マンション価格も、日経平均株価に連動して上昇基調にあります。しかし、株価に連動するのは一部エリアの不動産のみです。上記グラフは都心3区(千代田区・中央区・港区)の中古マンション価格と日経平均株価の推移を表していますが、都心5区、7区程度まで広げても大きな違いはありません。逆に言えば、都心や駅前、駅近以外のマンションはここまで高騰しておらず、郊外のマンションは失速感も見られ始めています。

コロナ禍では一戸建ての需要も拡大しましたが、2022年後半頃から失速し、2023年の春には投げ売りのような現象も見られました。在庫物件も増え続けており、平均価格こそ下落していないものの頭打ち感があります。

金利引き上げの影響

2024年3月には、日本銀行がマイナス金利政策を解除。7月末の利上げ発表を受け、秋口から一部の金融機関は住宅ローンの変動金利を引き上げています。金利の上昇やその懸念は、不動産の需要や価格に影響し始めています。

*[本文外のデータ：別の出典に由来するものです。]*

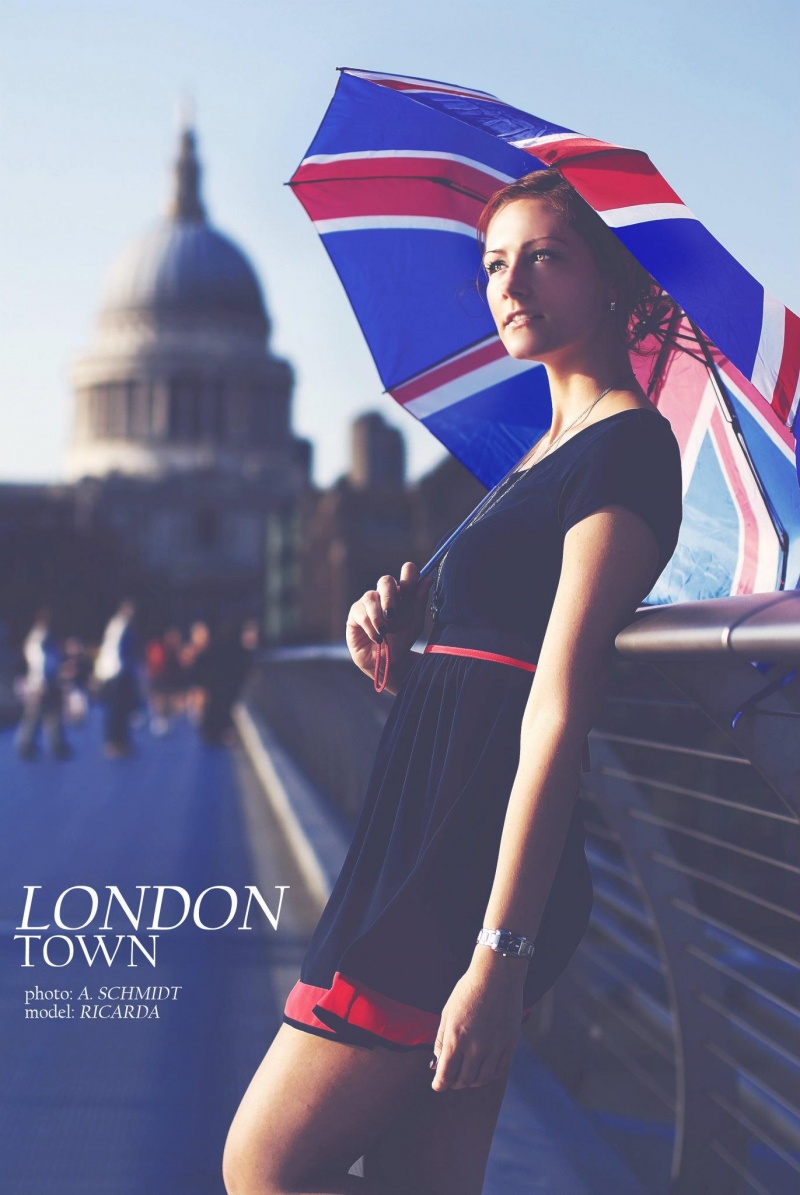 Female model photo shoot of ricarda s in London Millenium Bridge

10年以上にわたって好調だったマンション市場ですが、郊外エリアで陰りが見え始めている要因の一つが金利上昇です。不動産価格が上昇局面にあるときは、都市部から徐々に郊外に波及していきますが、ネガティブ要因がある場合はその逆。弱いエリアがさらに弱くなる一方で、都心・駅前・駅近など好条件の不動産への影響は限定的です。

都心・駅前・駅近のマンション価格が高騰し続ける理由

都市部のマンションの価格は、中古であっても一般的な収入の世帯には手が届かない水準にまで達しています。主な購入層である国内外の投資家や富裕層は、金利上昇が予算に大きく影響することはありません。

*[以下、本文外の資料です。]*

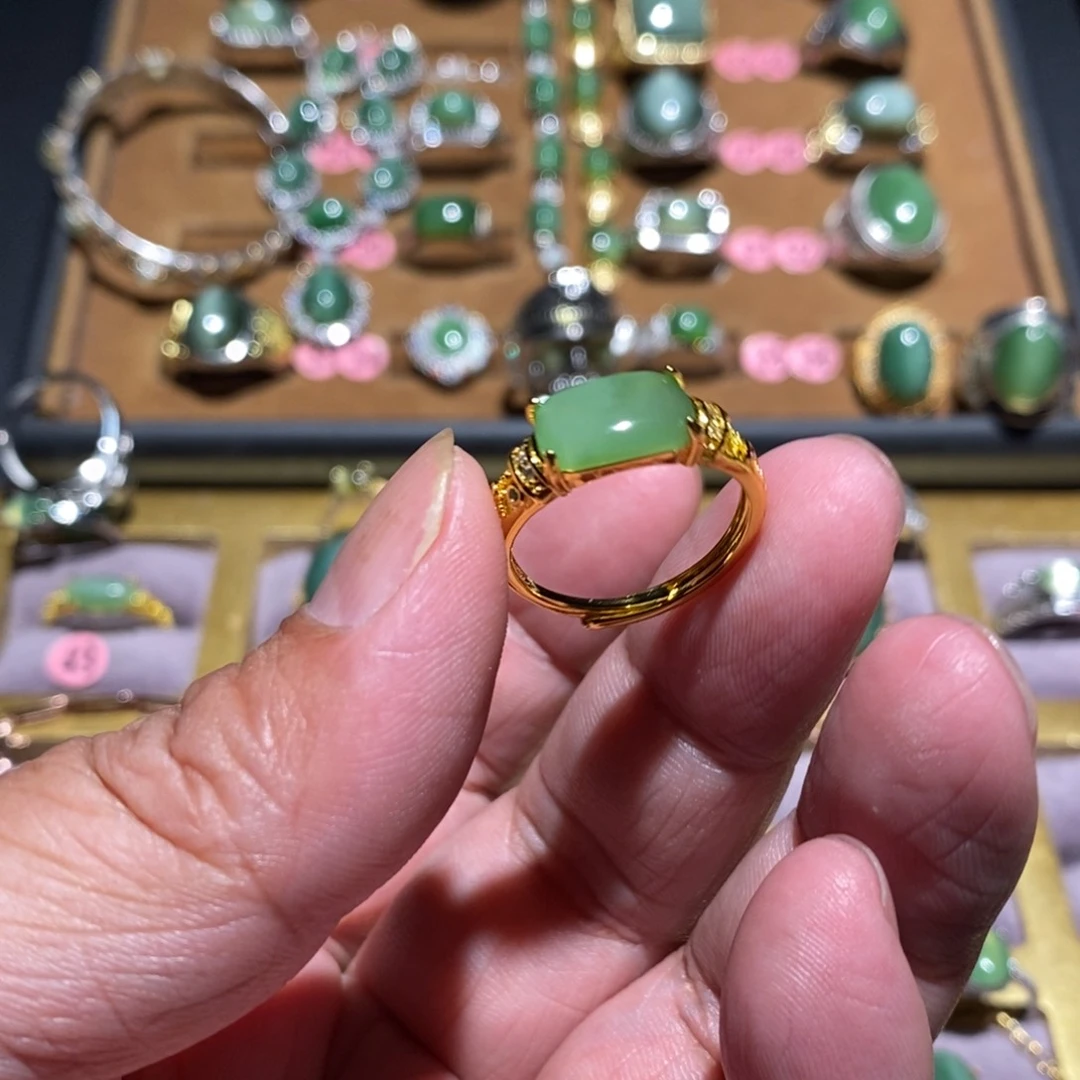 和田玉（碧玉）戒指未镶嵌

近年では通貨の価値が下がっていることから資産の逃げ道が必要ということに加え、日本の不動産は世界的に見てもまだまだ安価なため、今後、一定程度金利が上がったとしても都市部のマンション価格は高騰し続けるでしょう。

2025年不動産市況はどうなる?

2025年も、引き続き好立地の不動産価格は高騰していくでしょう。その一方で、新築マンションの供給数は減少し、都市部の不動産価格は著しく高騰していることから、2025年は中古住宅や比較的手が届きやすく、資産価値も維持されやすい「セカンドベスト」のエリアに需要が向いていくことになると推測します。

「中古シフト」が加速する

新築マンションの供給数は、年々、減少しています。ニッセイ基礎研究所によれば、デベロッパーによる首都圏マンション用地の取得件数は2022年が163件、2023年が120件でしたが、2024年9月までの取得件数は35件にとどまります。用地不足とともに建築コストの上昇も相まって、2025年の新築マンション供給数はこれまでと比べてもかなり少なくなることが予想されます。

すでに新築マンションに絞って物件を探すのは現実的ではなく、価格も大きく高騰しているため「中古シフト」が見られており、2025年はこの動きが加速するものと考えられます。

「セカンドベスト」の需要が高まる

エリアについても、ある程度、分散することが予測されます。都市部の不動産を購入できていたこれまでの20年ほどは、言ってみれば“ボーナスタイム”のような時期でした。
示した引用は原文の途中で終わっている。